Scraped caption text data
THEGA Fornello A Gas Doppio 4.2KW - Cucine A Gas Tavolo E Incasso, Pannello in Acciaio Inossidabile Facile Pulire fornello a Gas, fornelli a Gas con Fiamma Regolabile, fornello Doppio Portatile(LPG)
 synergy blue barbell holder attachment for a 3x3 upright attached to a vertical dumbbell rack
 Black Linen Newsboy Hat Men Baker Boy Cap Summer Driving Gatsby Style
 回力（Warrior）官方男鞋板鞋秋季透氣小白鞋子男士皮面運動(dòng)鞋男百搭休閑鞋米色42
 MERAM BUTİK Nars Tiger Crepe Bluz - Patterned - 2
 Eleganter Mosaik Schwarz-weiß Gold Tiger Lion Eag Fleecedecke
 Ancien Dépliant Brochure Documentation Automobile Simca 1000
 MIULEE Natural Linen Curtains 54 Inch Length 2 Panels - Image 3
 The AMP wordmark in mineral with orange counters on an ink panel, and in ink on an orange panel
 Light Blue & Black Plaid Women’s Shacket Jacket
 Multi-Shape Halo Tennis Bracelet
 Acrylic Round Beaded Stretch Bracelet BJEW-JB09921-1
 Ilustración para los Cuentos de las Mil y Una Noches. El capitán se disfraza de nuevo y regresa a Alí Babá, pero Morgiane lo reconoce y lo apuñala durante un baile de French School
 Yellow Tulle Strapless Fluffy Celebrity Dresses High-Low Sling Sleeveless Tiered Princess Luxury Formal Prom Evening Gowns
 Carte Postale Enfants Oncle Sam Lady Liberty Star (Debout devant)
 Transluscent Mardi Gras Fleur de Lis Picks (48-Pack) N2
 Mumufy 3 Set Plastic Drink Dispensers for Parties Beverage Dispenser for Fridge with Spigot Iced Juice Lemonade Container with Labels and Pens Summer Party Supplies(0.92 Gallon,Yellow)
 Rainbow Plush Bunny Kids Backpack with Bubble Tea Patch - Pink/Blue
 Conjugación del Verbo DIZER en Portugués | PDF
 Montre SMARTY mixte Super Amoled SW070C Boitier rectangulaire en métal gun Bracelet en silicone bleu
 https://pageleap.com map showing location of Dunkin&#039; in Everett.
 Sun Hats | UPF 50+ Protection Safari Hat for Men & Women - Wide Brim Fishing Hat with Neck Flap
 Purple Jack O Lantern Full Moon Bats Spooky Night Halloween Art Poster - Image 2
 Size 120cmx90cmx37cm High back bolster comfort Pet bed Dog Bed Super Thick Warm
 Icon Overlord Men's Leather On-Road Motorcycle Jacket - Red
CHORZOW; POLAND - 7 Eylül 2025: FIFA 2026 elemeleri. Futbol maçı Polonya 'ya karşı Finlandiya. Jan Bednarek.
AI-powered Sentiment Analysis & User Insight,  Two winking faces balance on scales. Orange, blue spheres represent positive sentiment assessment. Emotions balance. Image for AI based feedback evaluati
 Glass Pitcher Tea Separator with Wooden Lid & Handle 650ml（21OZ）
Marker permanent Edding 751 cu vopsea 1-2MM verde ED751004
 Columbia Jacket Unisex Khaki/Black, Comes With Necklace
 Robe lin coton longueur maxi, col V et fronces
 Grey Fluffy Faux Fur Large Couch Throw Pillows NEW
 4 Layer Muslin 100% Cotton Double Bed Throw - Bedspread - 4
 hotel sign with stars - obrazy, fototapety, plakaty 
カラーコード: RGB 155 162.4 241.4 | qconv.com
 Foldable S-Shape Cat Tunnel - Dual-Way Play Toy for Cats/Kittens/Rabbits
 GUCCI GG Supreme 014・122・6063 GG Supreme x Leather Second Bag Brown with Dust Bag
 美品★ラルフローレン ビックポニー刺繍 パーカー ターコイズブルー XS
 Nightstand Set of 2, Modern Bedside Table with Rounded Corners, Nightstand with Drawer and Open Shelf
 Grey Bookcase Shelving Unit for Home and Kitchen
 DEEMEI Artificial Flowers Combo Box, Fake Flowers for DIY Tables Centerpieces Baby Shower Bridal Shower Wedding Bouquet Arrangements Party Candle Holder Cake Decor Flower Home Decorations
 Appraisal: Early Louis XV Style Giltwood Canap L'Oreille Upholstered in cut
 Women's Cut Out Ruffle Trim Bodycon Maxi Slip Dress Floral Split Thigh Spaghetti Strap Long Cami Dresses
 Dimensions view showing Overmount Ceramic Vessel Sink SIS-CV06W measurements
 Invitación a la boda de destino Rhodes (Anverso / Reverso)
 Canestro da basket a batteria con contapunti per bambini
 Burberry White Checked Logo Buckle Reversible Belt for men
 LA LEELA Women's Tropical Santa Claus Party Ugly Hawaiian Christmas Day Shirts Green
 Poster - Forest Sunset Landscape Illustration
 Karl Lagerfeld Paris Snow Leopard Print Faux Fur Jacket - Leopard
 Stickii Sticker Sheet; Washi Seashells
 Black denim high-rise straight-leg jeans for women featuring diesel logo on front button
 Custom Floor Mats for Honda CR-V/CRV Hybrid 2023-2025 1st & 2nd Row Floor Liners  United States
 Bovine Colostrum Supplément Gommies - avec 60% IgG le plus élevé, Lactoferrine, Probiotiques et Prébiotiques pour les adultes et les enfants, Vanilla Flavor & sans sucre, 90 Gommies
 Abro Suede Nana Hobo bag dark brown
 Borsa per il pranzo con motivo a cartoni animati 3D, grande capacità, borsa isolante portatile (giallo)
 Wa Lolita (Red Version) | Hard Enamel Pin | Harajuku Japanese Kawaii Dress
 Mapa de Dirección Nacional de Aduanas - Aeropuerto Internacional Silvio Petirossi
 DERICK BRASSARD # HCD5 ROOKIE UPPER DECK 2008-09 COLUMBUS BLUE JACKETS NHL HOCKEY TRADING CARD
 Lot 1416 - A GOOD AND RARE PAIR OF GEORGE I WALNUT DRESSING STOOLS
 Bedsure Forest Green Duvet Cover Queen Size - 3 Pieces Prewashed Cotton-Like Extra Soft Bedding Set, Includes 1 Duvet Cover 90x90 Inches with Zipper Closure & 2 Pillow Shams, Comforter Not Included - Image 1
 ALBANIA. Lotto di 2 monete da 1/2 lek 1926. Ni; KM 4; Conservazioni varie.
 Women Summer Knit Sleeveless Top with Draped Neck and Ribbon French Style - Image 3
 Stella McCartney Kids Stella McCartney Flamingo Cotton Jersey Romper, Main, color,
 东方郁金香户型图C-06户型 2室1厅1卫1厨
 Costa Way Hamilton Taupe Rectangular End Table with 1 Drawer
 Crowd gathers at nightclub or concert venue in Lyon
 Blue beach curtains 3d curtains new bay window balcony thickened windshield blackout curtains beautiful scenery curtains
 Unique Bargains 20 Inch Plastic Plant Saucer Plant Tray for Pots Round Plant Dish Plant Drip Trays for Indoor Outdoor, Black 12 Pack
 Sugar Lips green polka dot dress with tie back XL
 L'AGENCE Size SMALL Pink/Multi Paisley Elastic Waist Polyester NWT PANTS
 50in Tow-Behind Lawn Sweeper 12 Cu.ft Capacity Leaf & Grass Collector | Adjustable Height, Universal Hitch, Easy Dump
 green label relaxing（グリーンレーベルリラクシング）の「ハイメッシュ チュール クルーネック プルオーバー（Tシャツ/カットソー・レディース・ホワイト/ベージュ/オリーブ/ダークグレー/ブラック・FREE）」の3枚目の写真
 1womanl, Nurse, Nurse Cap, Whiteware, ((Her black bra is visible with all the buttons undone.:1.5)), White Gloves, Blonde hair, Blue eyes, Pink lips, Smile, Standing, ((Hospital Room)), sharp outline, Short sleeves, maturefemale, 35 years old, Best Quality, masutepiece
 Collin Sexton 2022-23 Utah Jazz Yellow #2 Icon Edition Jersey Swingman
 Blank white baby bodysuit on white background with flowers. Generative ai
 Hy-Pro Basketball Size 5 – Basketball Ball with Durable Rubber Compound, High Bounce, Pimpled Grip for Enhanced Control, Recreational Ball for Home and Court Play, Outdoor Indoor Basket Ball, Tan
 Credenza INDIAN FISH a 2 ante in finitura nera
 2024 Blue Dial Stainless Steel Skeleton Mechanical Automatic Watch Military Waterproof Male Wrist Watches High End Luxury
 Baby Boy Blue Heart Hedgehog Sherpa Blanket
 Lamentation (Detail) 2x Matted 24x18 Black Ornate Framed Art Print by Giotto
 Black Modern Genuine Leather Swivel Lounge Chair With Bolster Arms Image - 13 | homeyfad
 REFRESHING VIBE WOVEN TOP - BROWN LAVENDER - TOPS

Directions for this task>
Please report only the number of lines above that include "Style".

Solution>
3